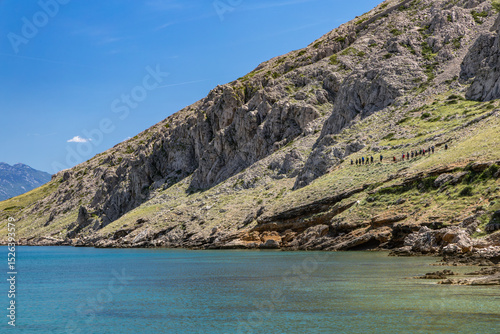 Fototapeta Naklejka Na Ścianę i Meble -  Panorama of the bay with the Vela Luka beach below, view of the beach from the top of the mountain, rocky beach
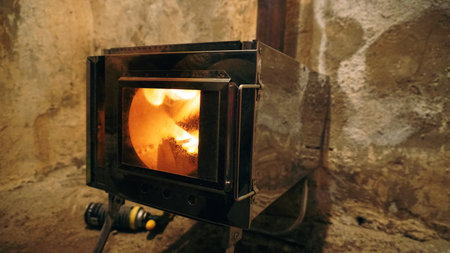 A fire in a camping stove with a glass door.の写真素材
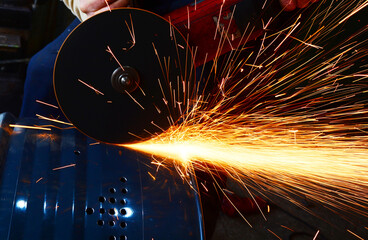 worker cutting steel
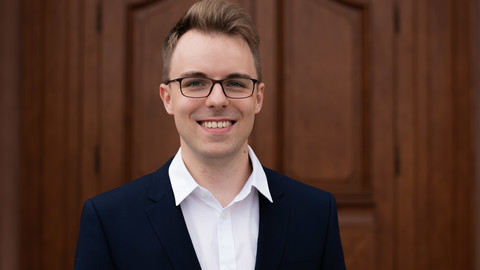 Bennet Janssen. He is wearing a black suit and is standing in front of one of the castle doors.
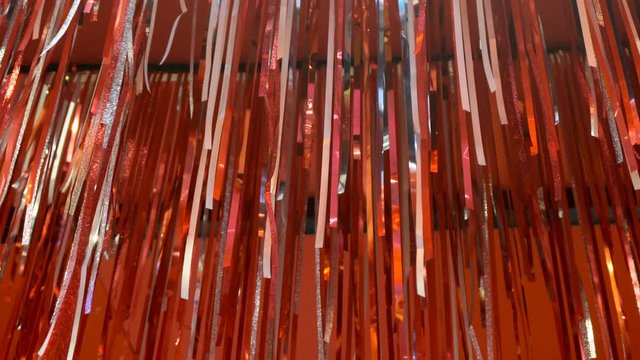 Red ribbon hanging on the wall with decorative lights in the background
########
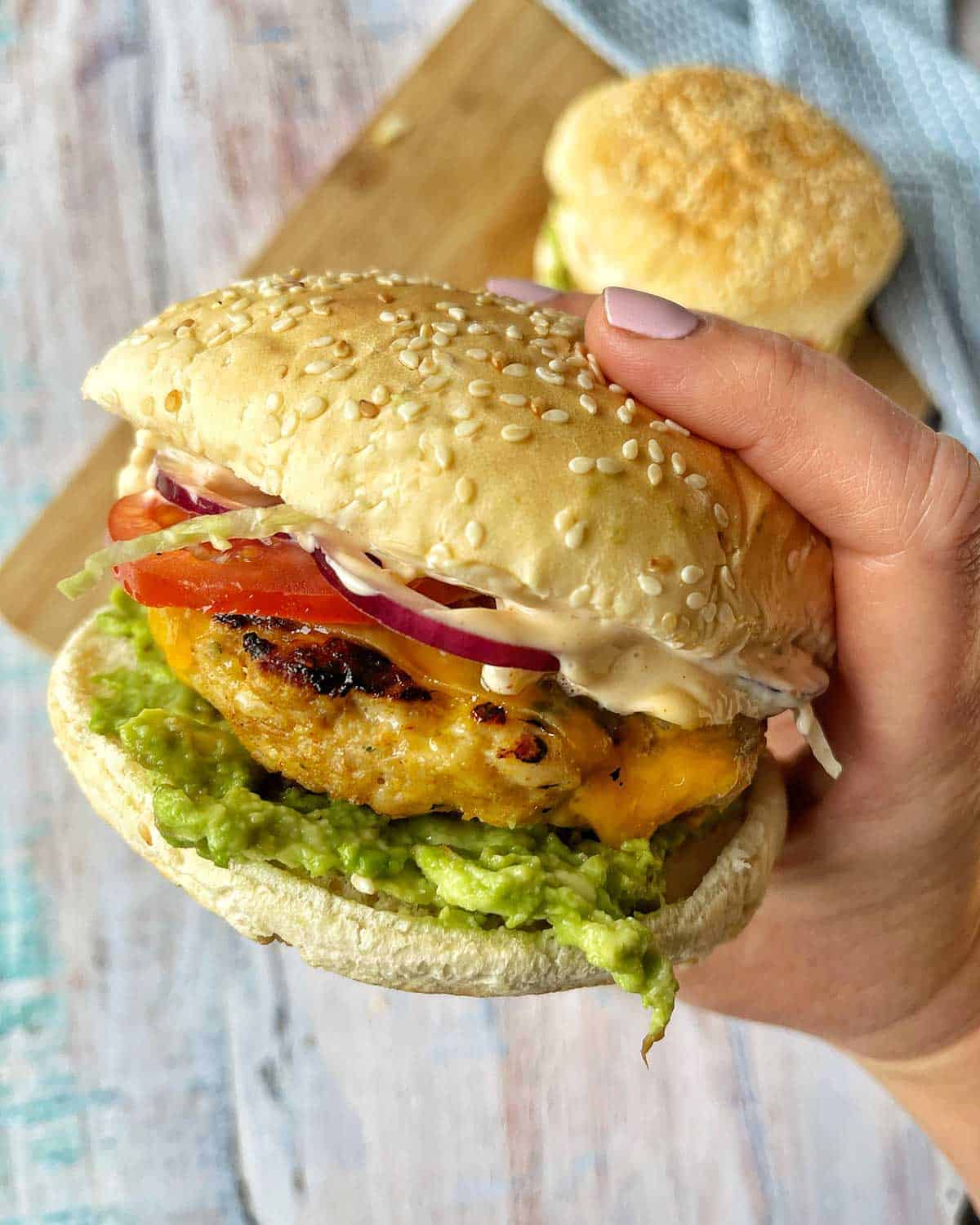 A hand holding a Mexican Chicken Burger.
########
** Directions **
Go back to the lines above and output, exactly as they stand, the ones from the line containing "Bennet Janssen. He" to the line containing "Red ribbon hanging". Leave all pictures behind.

** Solution to the problem **
 Bennet Janssen. He is wearing a black suit and is standing in front of one of the castle doors.
 Red ribbon hanging on the wall with decorative lights in the background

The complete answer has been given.